I've noticed that the salary information is embedded within the "salarySnippet" dictionary in the JSON response. However, I'm having trouble accessing the actual salary text and currency values from this dictionary. Here's a snippet of my current code:
import scrapy
import re
import json
class IndeedJobSpider(scrapy.Spider):
name = 'indeed_jobs'
start_urls = ['https://in.indeed.com/jobs?q=python+developer&l=Kerala&vjk=372ecad0fcaac92a']
def parse(self, response):
# Extract job titles
script_tag = re.findall(r'window.mosaic.providerData\["mosaic-provider-jobcards"\]=(\{.+?\});', response.text)
if script_tag is not None:
json_blob = json.loads(script_tag[0])
jobs_list = json_blob['metaData']['mosaicProviderJobCardsModel']['results']
for job in jobs_list:
job_name = job.get('displayTitle', 'N/A')
job_location = job.get('formattedLocation', 'N/A')
# Extract the salary text from the 'salarySnippet' dictionary
salary_snippet = job.get('salarySnippet', {})

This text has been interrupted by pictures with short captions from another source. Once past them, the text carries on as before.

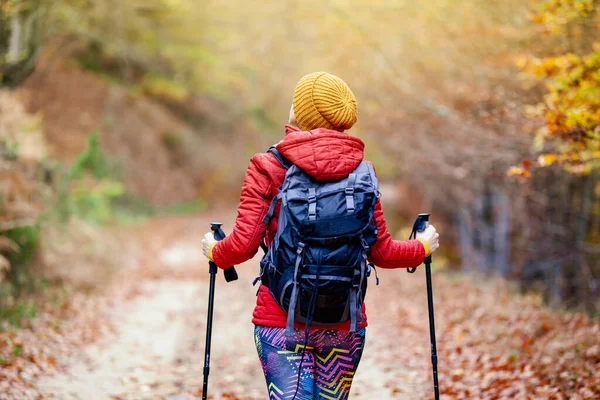 Randonnée Pédestre Fille Avec Bâtons Sac Dos Sur Sentier Vue — Photo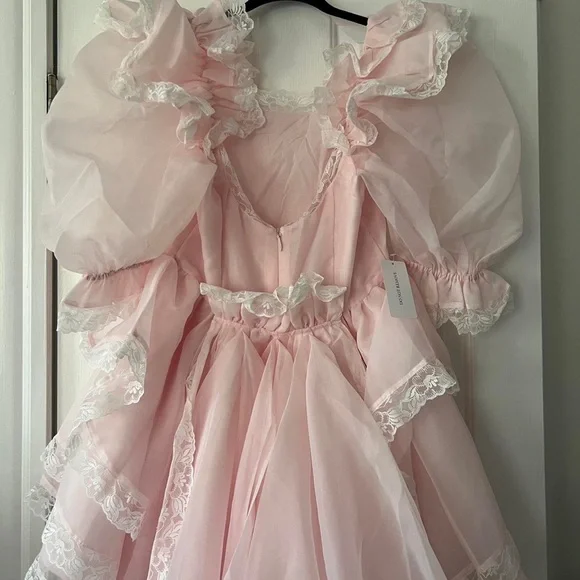 NWT Selkie Duchess Sugarfrill Dress in Baby Soft Pink size Small - Picture 4 of 10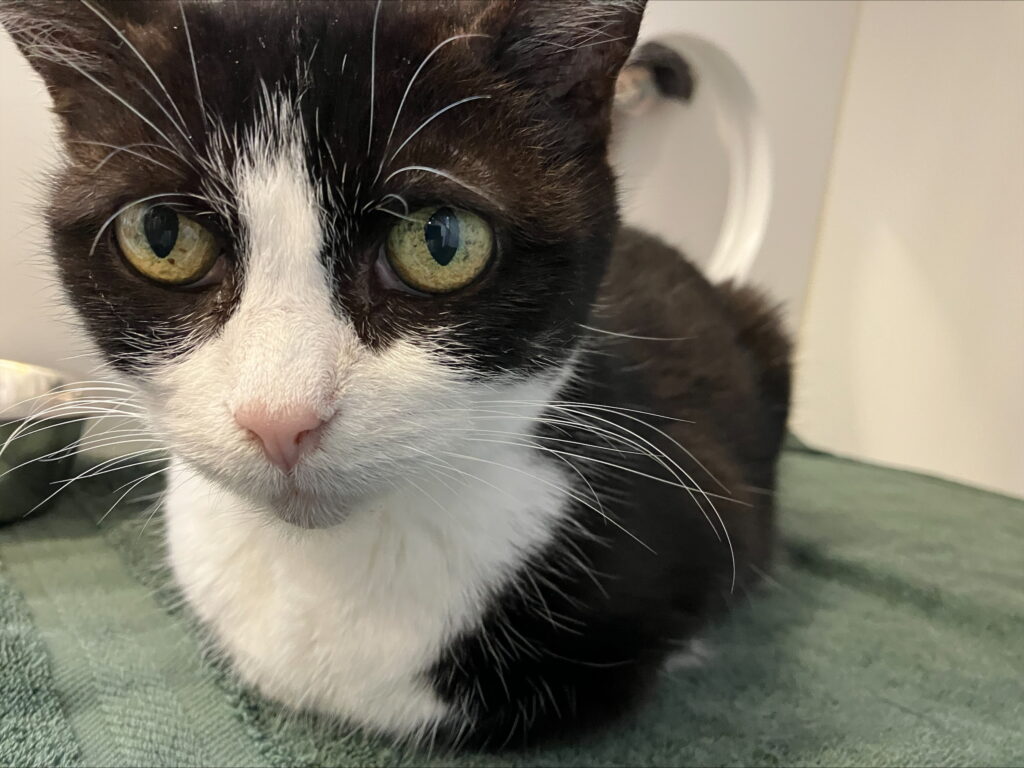 Toki, a black and white cat, looking at the camera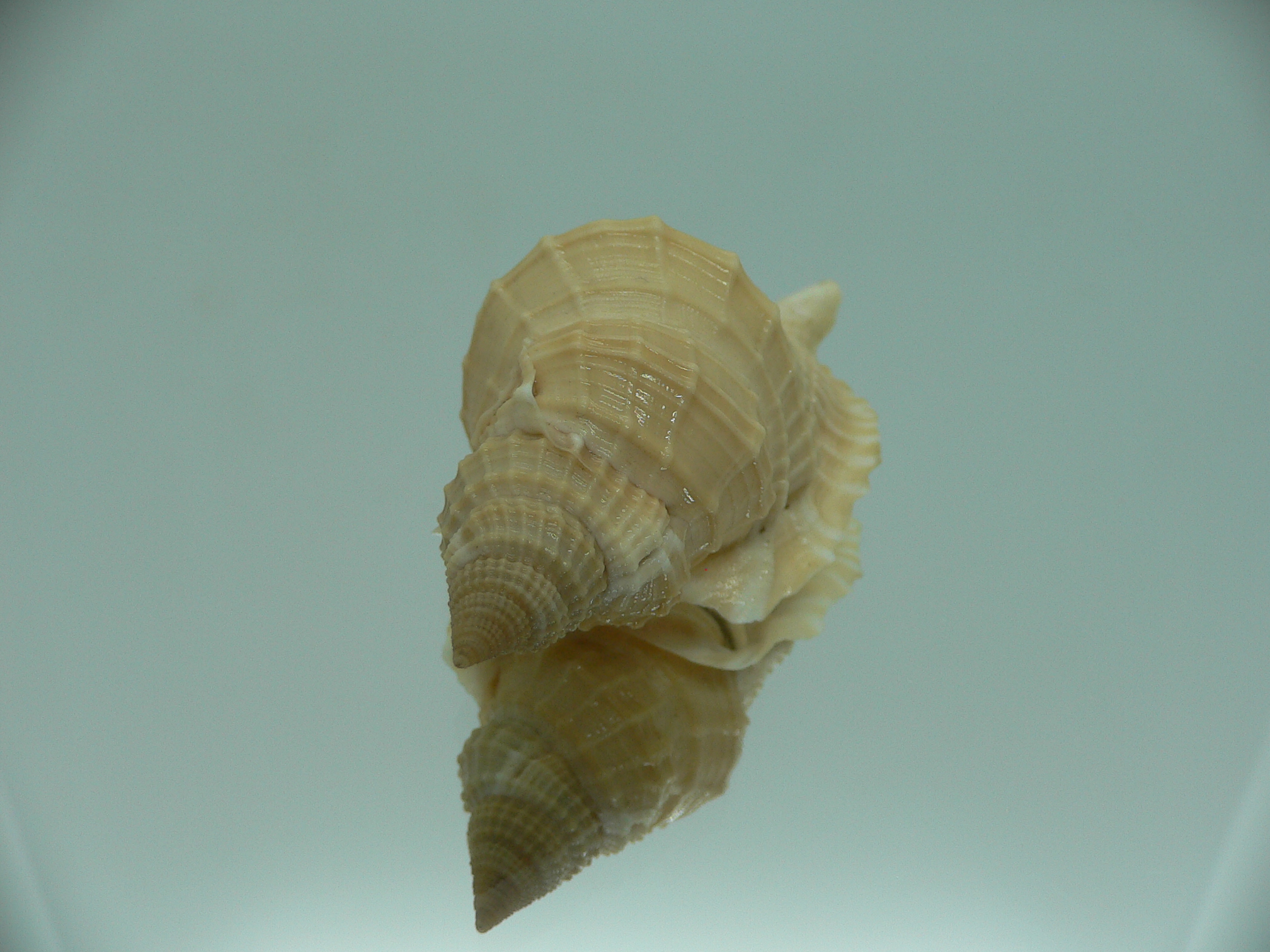 Distorsio decussata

print(f"Job Name: {job_name}")
print(f"Job Location: {job_location}")
print(f"Salary Info: {salary_snippet}")
print("-" * 40)
output:-
Job Name: Python Developer
Job Location: Thiruvananthapuram, Kerala
Salary Info: N/A
----------------------------------------
Job Name: Python Developer
Job Location: Edapalli, Kerala
Salary Info: N/A
----------------------------------------
Job Name: Python Developer
Job Location: Ernakulam, Kerala
Salary Info: N/A
----------------------------------------
Job Name: Python Django Developer
Job Location: Kochi, Kerala
Salary Info: N/A
----------------------------------------
Job Name: Backend Developer (Python)
Job Location: Kochi, Kerala
Salary Info: N/A
console data :-
salarySnippet
:
{currency: 'INR', salaryTextFormatted: false, source: 'EXTRACTION', text: '₹40,000 - ₹70,000 a month'}